**INFORMATION PROVIDED:**

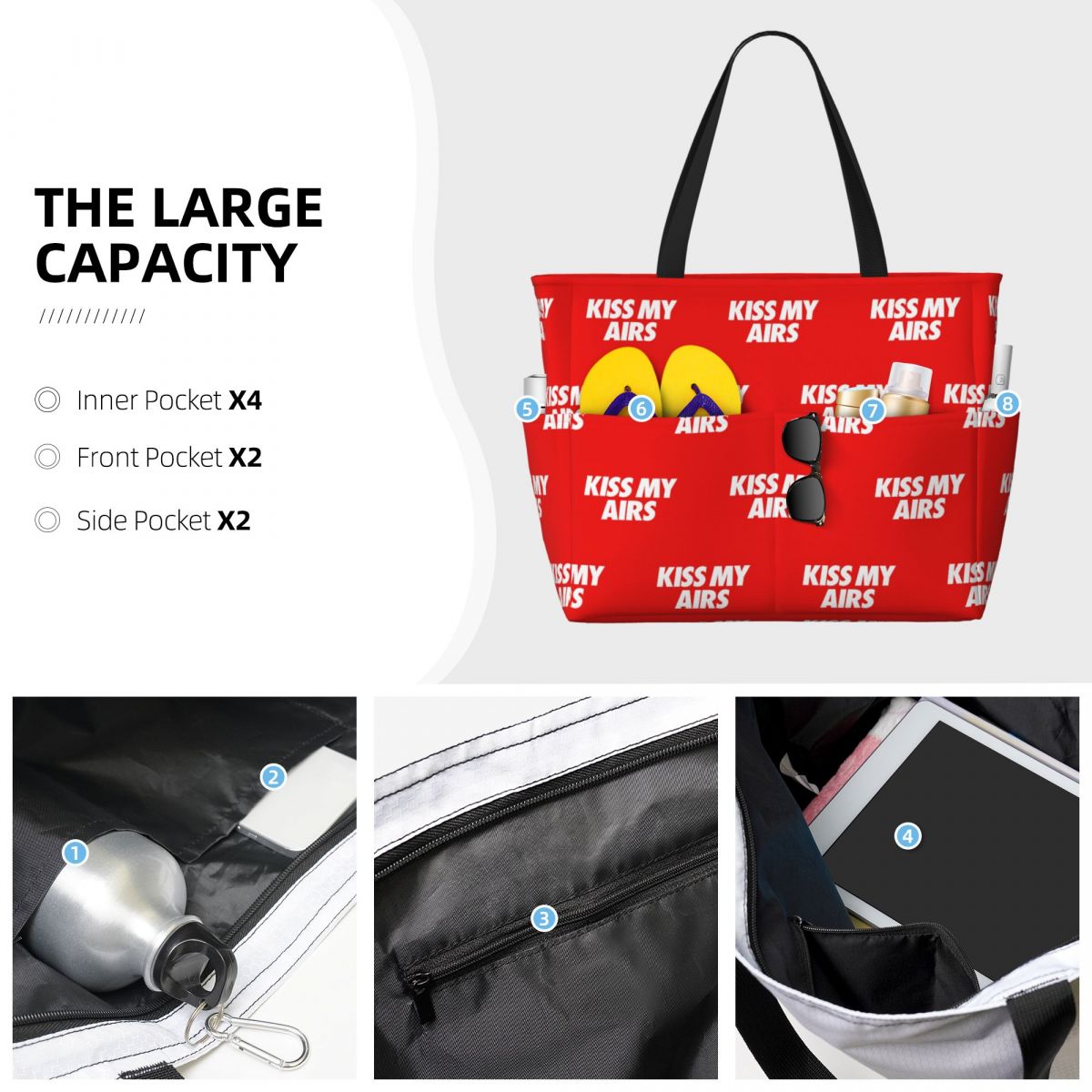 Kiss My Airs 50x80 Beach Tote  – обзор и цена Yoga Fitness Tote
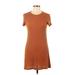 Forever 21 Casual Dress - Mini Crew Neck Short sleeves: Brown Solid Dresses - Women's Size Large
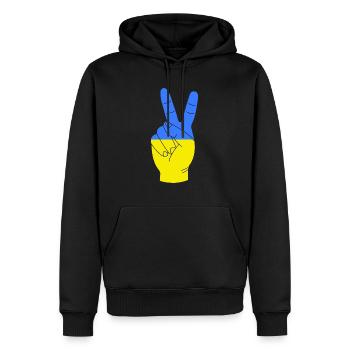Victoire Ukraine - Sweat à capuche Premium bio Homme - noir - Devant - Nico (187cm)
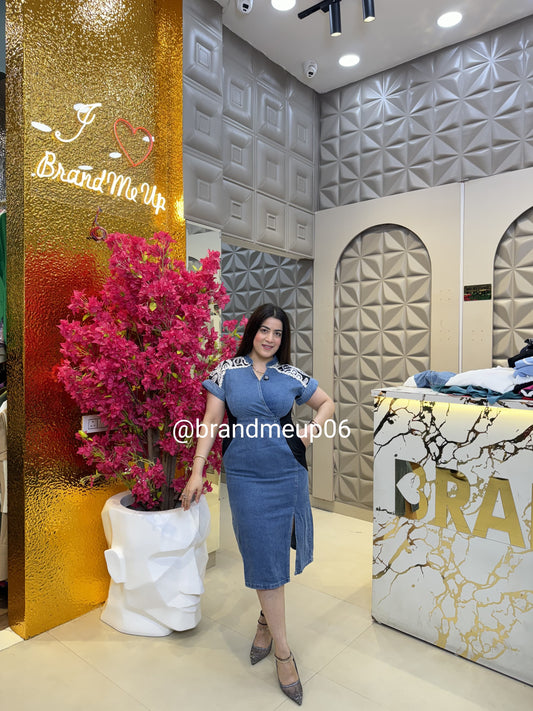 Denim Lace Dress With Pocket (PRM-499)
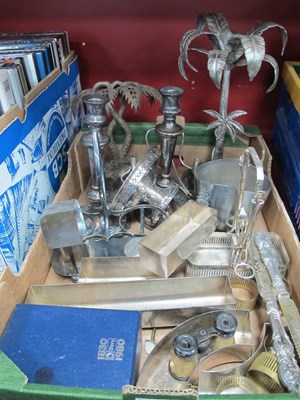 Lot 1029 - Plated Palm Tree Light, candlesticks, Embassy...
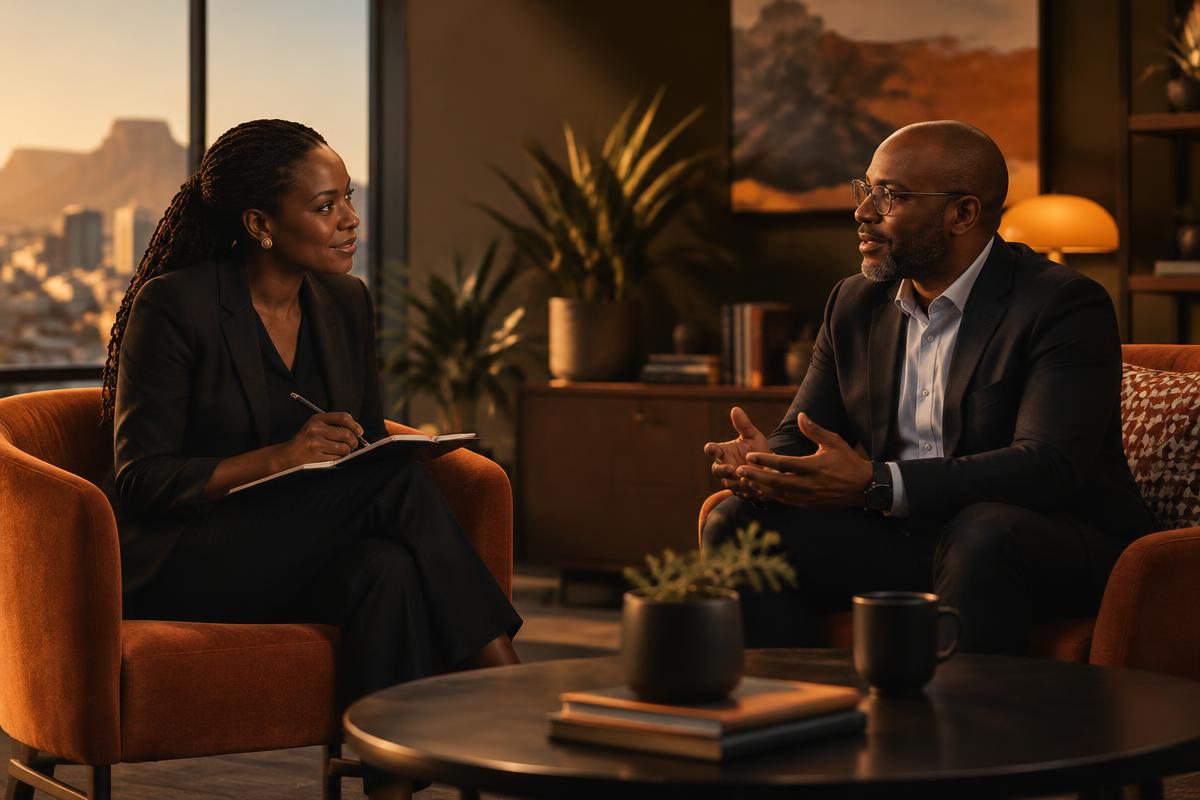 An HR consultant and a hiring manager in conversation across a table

**WORK TO COMPLETE:**
Exactly as written, please give again the lines from the beginning of the listing through the line containing "Victoire Ukraine - Sweat", inclusive, without any pictures.

**RESPONSE BELOW:**
 Kiss My Airs 50x80 Beach Tote  – обзор и цена Yoga Fitness Tote
 Forever 21 Casual Dress - Mini Crew Neck Short sleeves: Brown Solid Dresses - Women's Size Large
Victoire Ukraine - Sweat à capuche Premium bio Homme - noir - Devant - Nico (187cm)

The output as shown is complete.